What the exercise asks: No pictures go in the copy. Restate, word for word, each line from the one containing "Marble Resin Hoop Earrings / 18K Gold Plated" through the last line below.

Information supplied Block Start

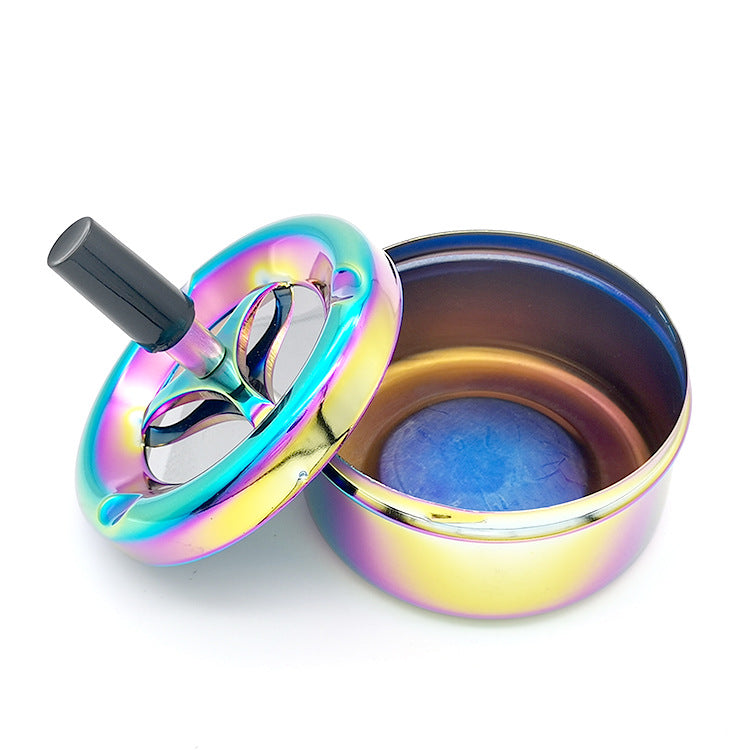 Creative Ashtray, Large Circular Metal Ashtray with Rotating Tray, Press-Type Design V1232-YHG001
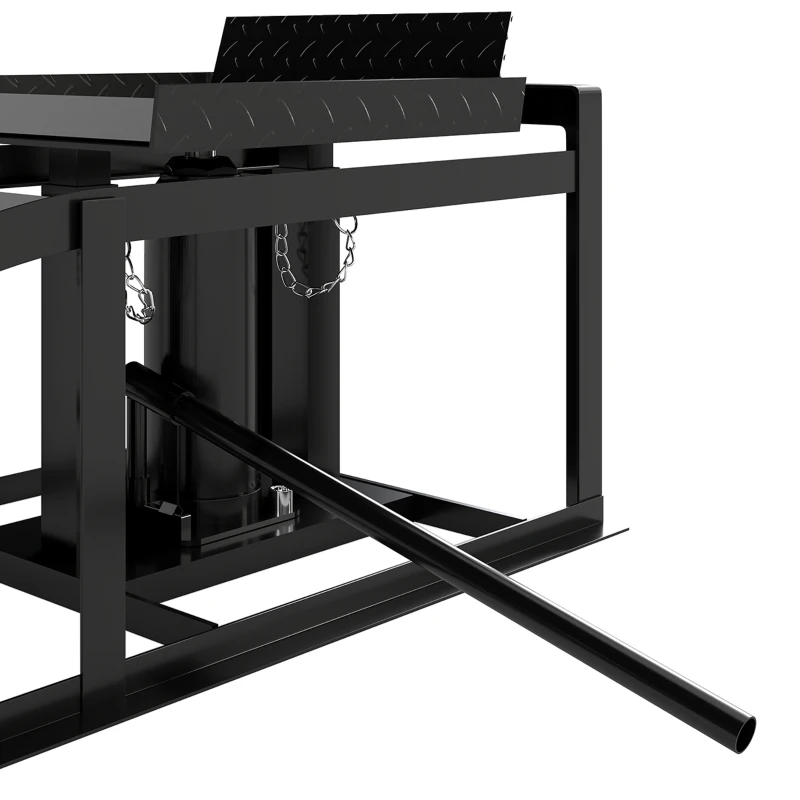 HOMCOM 2-delige hydraulische oprijramp, verstelbaar, draagkracht 3.000 kg, voor banden tot 23 cm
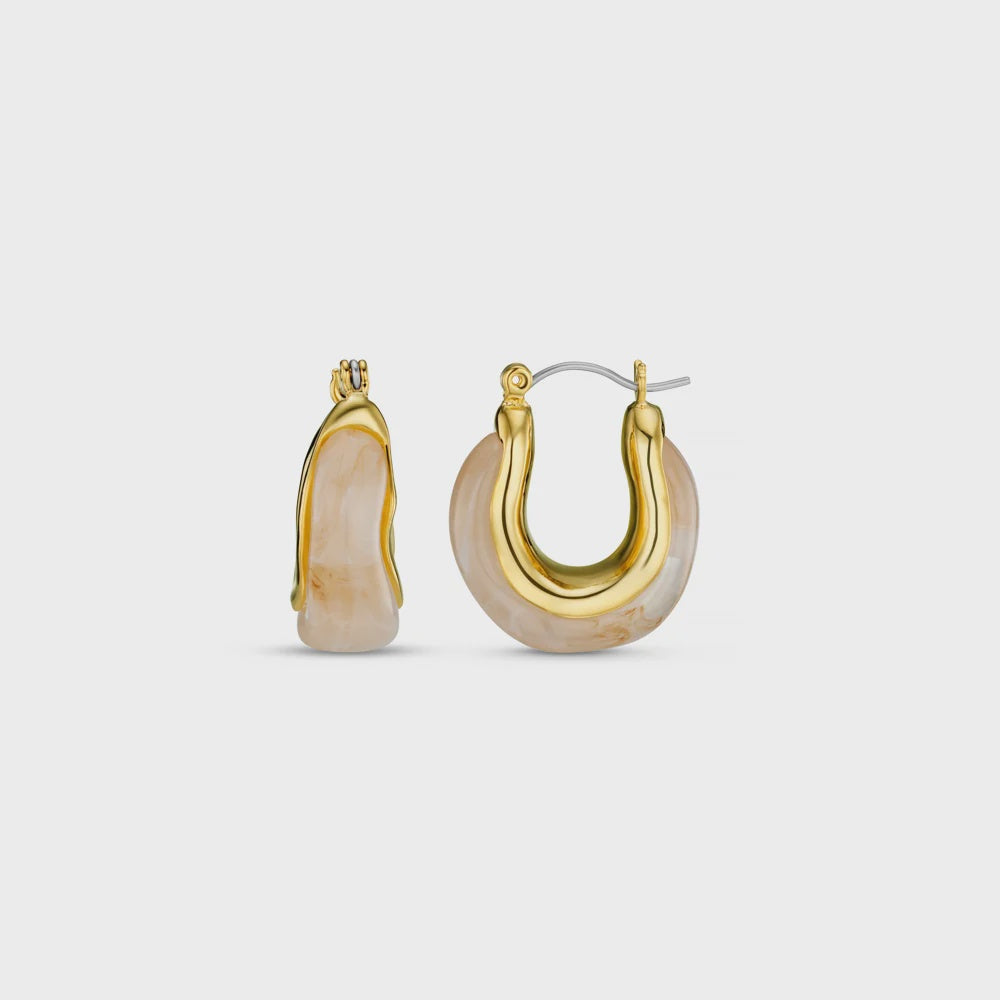 Marble Resin Hoop Earrings / 18K Gold Plated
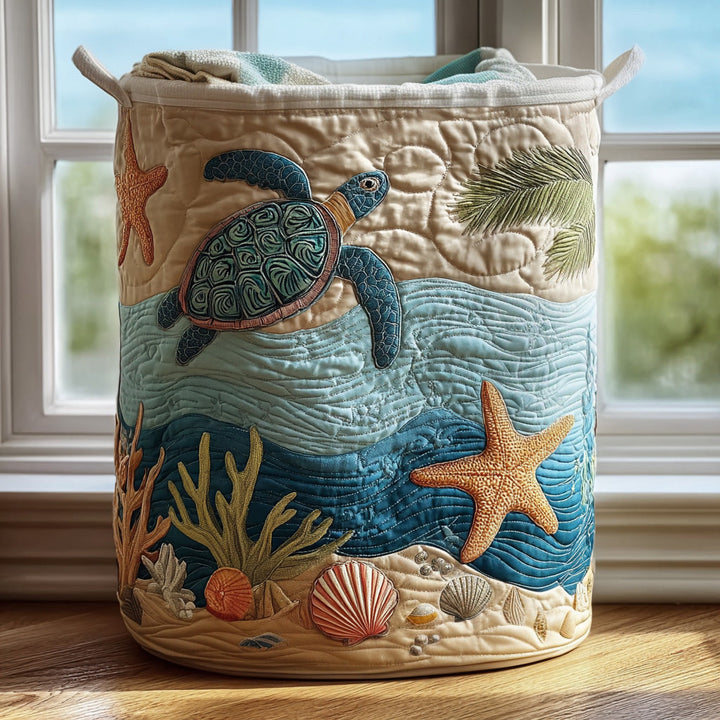 Quilted laundry basket with sea turtle NCU0QN024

Information supplied Block End

Result:
 Marble Resin Hoop Earrings / 18K Gold Plated
 Quilted laundry basket with sea turtle NCU0QN024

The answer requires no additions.